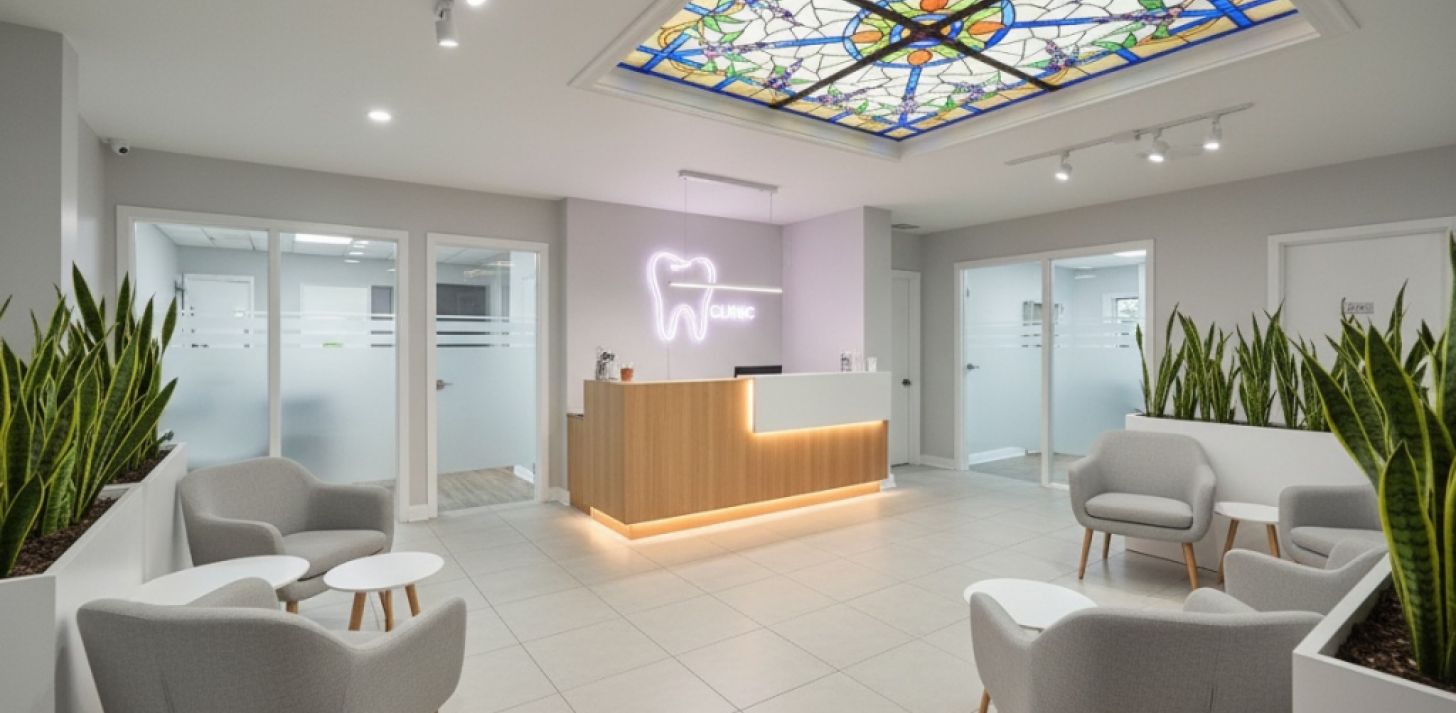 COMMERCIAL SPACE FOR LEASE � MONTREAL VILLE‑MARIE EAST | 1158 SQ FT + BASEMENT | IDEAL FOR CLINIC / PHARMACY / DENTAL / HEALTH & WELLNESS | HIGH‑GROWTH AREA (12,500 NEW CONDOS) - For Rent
○ ○ ○ ○ ○
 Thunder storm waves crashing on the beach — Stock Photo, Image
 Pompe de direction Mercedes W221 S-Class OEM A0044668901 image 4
○ ○ ○ ○ ○
_TASK_
In the data above, retype exactly and only the lines between the one holding "Thunder storm waves" and the one holding "Pompe de direction", inclusive.

_YOUR RESPONSE_
 Thunder storm waves crashing on the beach — Stock Photo, Image
 Pompe de direction Mercedes W221 S-Class OEM A0044668901 image 4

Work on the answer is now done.